EXERCISE AIM ->
In the records below, find the line with "Air Letter address", then copy each line exactly until you have copied the line with "black leather keychain.". Leave any picture out.

PROVIDED RECORDS ->
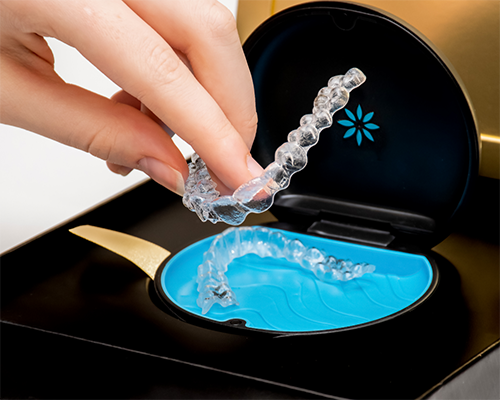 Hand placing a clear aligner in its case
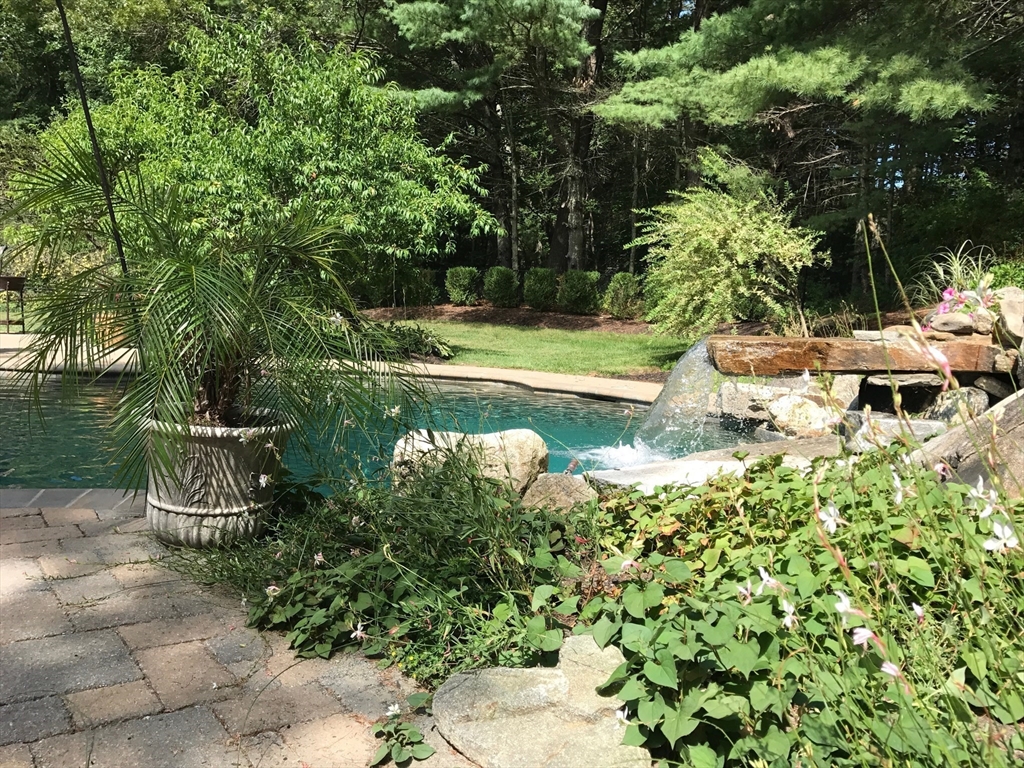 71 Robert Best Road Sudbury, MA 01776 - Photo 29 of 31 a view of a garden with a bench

* * *

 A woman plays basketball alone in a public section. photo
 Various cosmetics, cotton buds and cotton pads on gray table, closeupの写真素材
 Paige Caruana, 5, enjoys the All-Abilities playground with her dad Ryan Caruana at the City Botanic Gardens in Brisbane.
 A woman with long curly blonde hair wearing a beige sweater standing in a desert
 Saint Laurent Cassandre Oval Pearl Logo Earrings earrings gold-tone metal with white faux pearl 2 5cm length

...

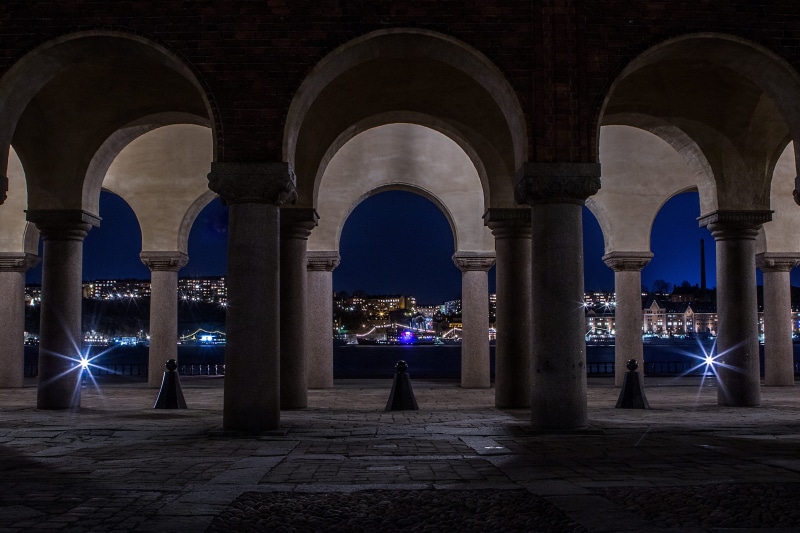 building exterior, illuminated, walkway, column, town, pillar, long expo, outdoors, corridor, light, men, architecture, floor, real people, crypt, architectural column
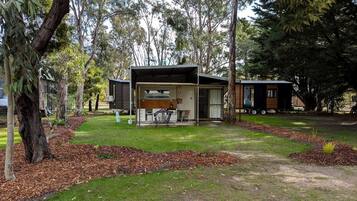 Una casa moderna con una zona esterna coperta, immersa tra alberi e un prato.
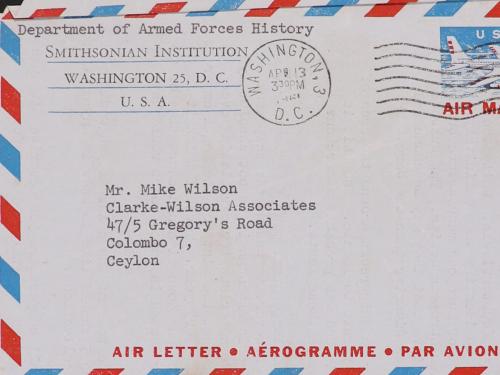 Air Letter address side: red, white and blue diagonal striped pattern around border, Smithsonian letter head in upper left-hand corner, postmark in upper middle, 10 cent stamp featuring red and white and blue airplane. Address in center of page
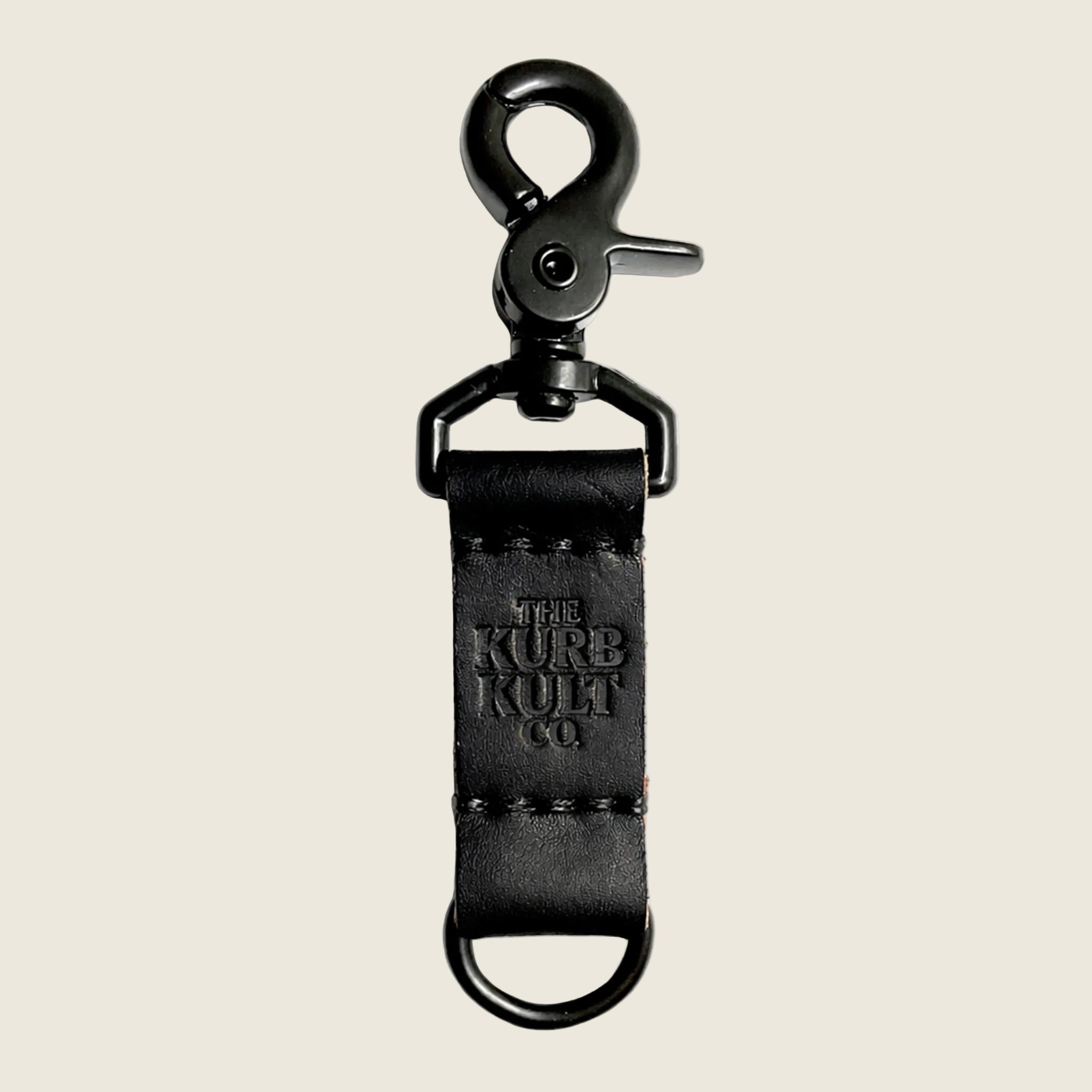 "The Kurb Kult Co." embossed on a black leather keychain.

EXERCISE RESULT ->
 Air Letter address side: red, white and blue diagonal striped pattern around border, Smithsonian letter head in upper left-hand corner, postmark in upper middle, 10 cent stamp featuring red and white and blue airplane. Address in center of page
 "The Kurb Kult Co." embossed on a black leather keychain.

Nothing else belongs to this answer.